When I was 16, I played my first gig in the Civ pub in St Andrews. It was at six o’clock before the punters came in – I was underage but they let me play a little gig in the back room. And King Creosote, Kenny Anderson, came. He has kept a journal of every day of his life and I recently had the pleasure of sitting with him and going through it, and he showed me the diary entry he wrote in 1992 after seeing me play.
It said, ‘I’ve just seen this girl called Kate at The Vic. She’s so talented. I think she’s got something amazing. And I’m going to ask her to join the band’.
So I immediately joined the Skuobhie Dubh Orchestra and started going around Scotland in a freezing transit van with them. Much to my parents’ frightened faces. They were like a bunch of Fife anarchists. They were living in weird little unheated cottages on the edge of town, just surviving, being musicians and nothing else. They didn’t really believe in record deals and they didn’t trust the music industry. So I kind of moved in and grew up with that mentality as well.
I have realised now in middle life how significant a role being adopted has played in the rest of my life. Jackie Kay, the poet [who is adopted], says there’s ‘windy place’ inside. And that is just the truth of it. I had kind of breezed over it for years, until my forties. Then I did that amazing programme, Long Lost Family, and found sisters.
And they’re just gorgeous, beautiful, fierce women. And we really do still just stare at each other going, oh my god, we look the same. We’re very close in age and we grew up 15 miles apart. They were in Dunfermline and I was in St Andrews. They remember going to St Andrews at weekends, when I was working in an ice cream shop. And I was like, Oh, my god, I probably served you a cone!

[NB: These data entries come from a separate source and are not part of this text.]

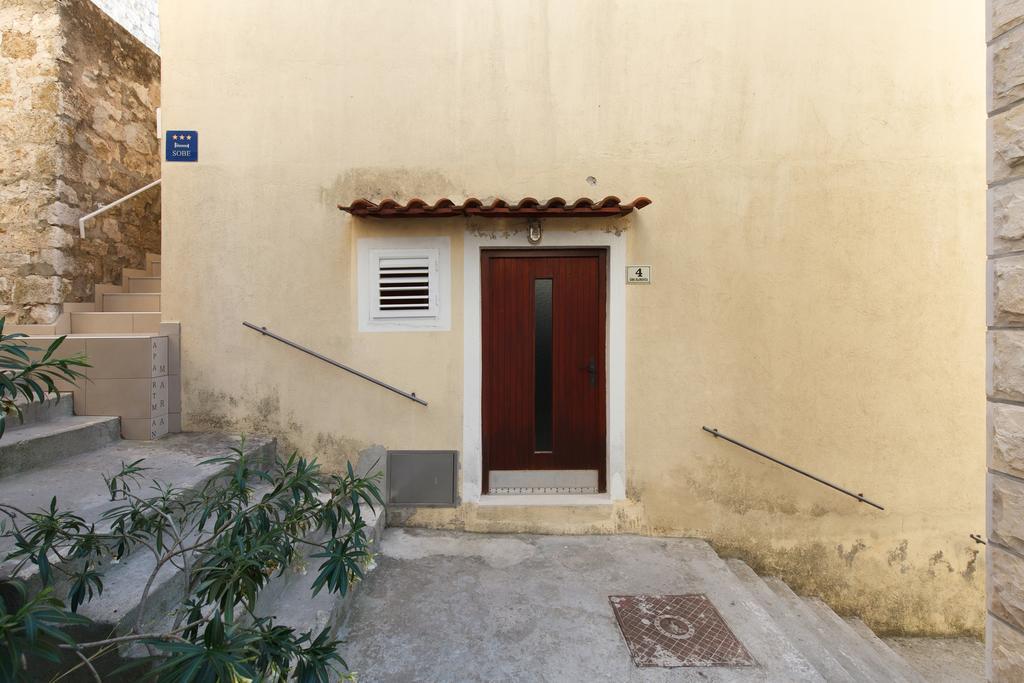 Apartment Dubica Hvar Town Exterior foto
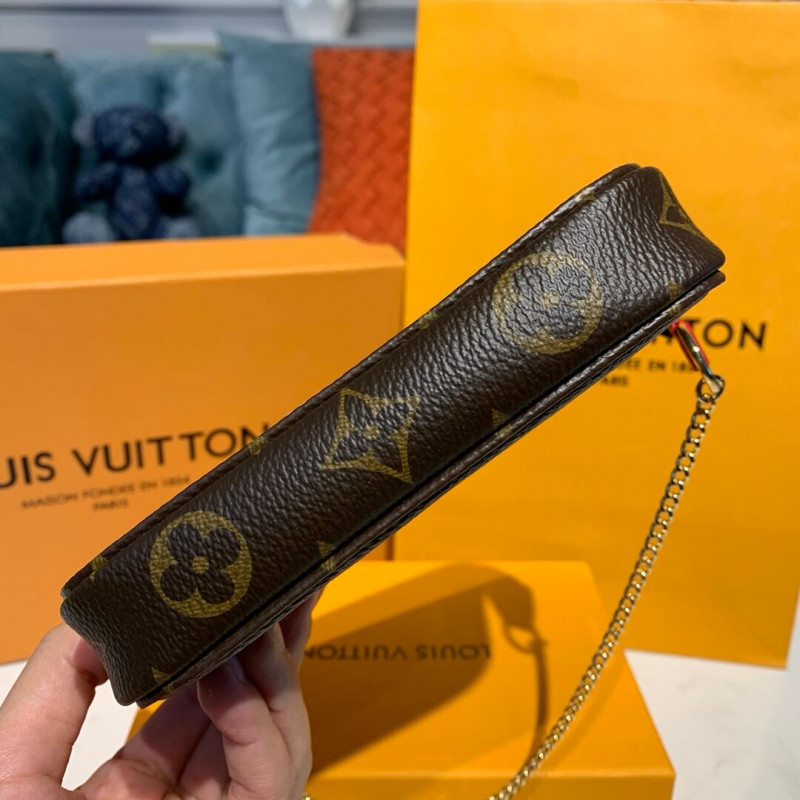 Louis Vuitton Courchevel Mini Pochette AccessOires M68490-4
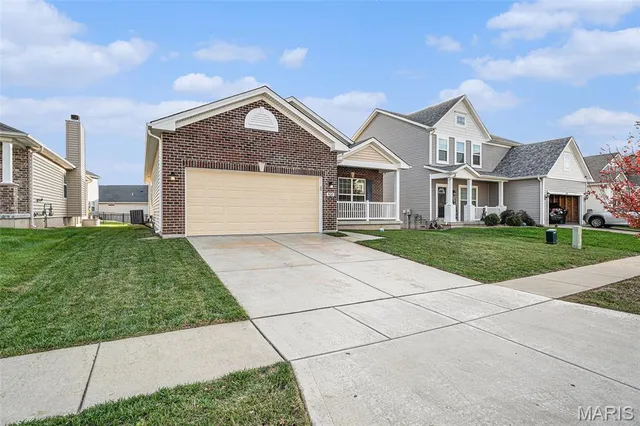 $385,000 | 506 Country Landing Drive, Lake St. Louis, MO 63367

It was funny because I met my biological mother, thinking I’d look just like her and she’d be an amazing singer or something. But no, neither. But the first thing she said to me was, you couldn’t pass your father on the street. He was Irish, and apparently a fantastic singer. So it seems like that’s where it’s come from. But it’s a strange feeling because at the end of the day, these aren’t people I know.
The way that I describe it, which feels most helpful to me, is that it has enriched my life because it’s really good for the soul to be able to put faces and characters and meaning into those two blank corners. But you run a risk. These are human beings. And once you go down that road you can’t really go back. It’s not been a bed of roses the whole time of course. But I’m glad I know.